Nel pomeriggio è arrivata la replica della Gabanelli: “Più che dissociarsi dovrebbero ringraziarci per aver documentato quello che avrebbero dovuto fare i loro ispettori”. Durante la puntata, infatti, si vede un controllore di Gucci non fare una piega di fronte alle irregolarità denunciate da Guidotti.
Con una punta di sarcasmo Report ha poi sottolineato che “da anni Kering garantisce una filiera etica e controllata grazie alla certificazione SA8000 sulla responsabilità sociale, rilasciata dagli americani di Saas”. Che ora – ha continuato la Gabanelli – “devono decidere se continuare a certificarli”. L’ipotesi non è remota.

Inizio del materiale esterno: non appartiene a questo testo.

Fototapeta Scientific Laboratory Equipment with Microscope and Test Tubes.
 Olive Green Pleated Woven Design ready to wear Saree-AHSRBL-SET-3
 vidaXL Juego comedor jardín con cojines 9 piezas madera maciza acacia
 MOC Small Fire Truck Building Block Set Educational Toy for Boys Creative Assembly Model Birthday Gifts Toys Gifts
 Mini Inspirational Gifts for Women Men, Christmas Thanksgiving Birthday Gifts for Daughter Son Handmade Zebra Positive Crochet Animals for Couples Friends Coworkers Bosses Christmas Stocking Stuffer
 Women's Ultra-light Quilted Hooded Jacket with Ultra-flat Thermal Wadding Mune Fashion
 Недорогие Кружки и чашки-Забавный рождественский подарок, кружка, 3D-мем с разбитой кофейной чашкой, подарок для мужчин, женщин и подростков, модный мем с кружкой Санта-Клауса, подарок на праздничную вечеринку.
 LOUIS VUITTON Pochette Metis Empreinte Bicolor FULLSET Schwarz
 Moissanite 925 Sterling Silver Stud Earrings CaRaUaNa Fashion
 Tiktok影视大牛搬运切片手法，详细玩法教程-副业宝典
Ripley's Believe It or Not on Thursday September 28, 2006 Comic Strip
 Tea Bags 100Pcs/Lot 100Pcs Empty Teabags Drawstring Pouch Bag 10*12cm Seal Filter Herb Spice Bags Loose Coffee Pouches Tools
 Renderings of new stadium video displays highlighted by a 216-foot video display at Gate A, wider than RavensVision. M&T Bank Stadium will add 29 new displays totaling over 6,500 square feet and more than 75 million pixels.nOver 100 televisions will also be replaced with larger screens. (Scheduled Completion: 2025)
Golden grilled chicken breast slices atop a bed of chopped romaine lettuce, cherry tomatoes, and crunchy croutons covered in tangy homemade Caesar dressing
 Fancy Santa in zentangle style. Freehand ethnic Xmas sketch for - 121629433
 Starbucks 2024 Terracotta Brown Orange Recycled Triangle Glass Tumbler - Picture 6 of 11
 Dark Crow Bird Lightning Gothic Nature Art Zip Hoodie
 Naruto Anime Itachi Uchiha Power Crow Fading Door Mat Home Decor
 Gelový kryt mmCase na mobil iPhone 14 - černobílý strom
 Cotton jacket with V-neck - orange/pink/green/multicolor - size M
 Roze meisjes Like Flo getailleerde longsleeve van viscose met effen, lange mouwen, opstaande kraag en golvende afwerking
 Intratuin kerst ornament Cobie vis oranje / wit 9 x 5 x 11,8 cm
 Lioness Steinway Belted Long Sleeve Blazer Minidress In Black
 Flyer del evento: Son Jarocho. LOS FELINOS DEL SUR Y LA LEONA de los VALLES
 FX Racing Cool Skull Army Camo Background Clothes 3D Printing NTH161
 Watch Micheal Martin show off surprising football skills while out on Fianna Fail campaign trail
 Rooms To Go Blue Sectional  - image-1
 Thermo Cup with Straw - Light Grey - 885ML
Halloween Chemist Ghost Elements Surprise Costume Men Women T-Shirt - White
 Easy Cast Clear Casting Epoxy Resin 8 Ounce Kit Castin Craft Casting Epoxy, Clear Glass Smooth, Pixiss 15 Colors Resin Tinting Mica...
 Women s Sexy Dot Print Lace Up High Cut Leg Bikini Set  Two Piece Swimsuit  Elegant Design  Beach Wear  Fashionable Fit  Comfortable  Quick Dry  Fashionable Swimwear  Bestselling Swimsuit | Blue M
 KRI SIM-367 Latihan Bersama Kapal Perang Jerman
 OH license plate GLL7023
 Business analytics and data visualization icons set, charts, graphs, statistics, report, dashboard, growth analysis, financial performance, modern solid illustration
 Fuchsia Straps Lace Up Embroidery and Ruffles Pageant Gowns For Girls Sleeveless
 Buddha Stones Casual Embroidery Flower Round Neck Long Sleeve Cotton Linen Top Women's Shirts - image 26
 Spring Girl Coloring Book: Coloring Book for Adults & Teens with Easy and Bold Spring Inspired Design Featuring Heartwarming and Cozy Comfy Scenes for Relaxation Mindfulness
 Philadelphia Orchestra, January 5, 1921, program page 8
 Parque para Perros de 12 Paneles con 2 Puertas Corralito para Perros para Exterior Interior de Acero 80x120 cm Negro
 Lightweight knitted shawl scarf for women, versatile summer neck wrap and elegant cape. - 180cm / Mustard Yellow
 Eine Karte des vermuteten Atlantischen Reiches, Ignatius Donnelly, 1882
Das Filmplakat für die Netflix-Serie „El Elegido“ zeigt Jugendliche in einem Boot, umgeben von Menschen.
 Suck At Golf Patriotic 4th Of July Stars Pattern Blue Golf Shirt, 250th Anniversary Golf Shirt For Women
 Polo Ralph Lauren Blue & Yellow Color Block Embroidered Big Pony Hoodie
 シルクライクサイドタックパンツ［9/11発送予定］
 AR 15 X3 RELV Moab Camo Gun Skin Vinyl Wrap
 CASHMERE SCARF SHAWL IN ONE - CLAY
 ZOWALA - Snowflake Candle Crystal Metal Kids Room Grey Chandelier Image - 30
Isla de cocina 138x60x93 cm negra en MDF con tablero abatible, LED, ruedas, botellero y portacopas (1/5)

Negli anni scorsi all'americana Nike venne ritirato il certificato (che impegna anche i sub-fornitori) perché sorpresa a fa cucire palloni ai bambini cinesi . Curiosamente l'Italia vanta il record di aziende certificate: 1064 su 3388, la maggio parte – oltre 300 – proprio in Toscana, la prima regione al mondo. Motivo? Gli sgravi Irap e i contributi pubblici erogati alle aziende che ottengono il prezioso documento. Si è così scatenata la corsa all’oro che ha garantito il primato. Gucci, però, a differenza di Kering l’ha ottenuto solo nell'aprile scorso.
“L'azienda non ha preso soldi pubblici – spiegano dagli uffici di Fabbrica Etica, l'ufficio regionale che gestisce i bandi – ma i suoi fornitori sì. I controlli non spettano a noi ma a chi ha dato la certificazione (la Saas, ndr), noi verifichiamo il rispetto dei bandi poi aziende ed Enti hanno i loro controllori”. Come si spiega il record? “Qui non ci sono solo i cinesi di Prato e comunque Gucci ha fatto tanto per la qualità della filiera”. Il frastuono non ha invece sfiorato Kering.
Ieri il colosso della moda del magnate François-Henri Pinault – che in Italia controlla Bottega Veneta, Sergio Rossi, Brioni e Pomellato – ha perfino chiuso la seduta in positivo: più 0,77 per cento a 165,8 euro. Eppure Gucci – 3,6 miliardi di fatturato – assicura ai Francesi margini superiori al miliardo e rappresenta il 30 per cento del fatturato.
Gli utili finiscono nella controllata in Olanda, dove le tasse sulle royalties sono un terzo di quelle italiane. Paradossalmente, il recente licenziamento sia dello storico direttore creativo Frida Giannini, sia dell’ad – nonché compagno della Giannini – Patrizio Di Marco (per i due si parla di un approdo in Cavalli) ha turbato il sonno degli investitori più di Report.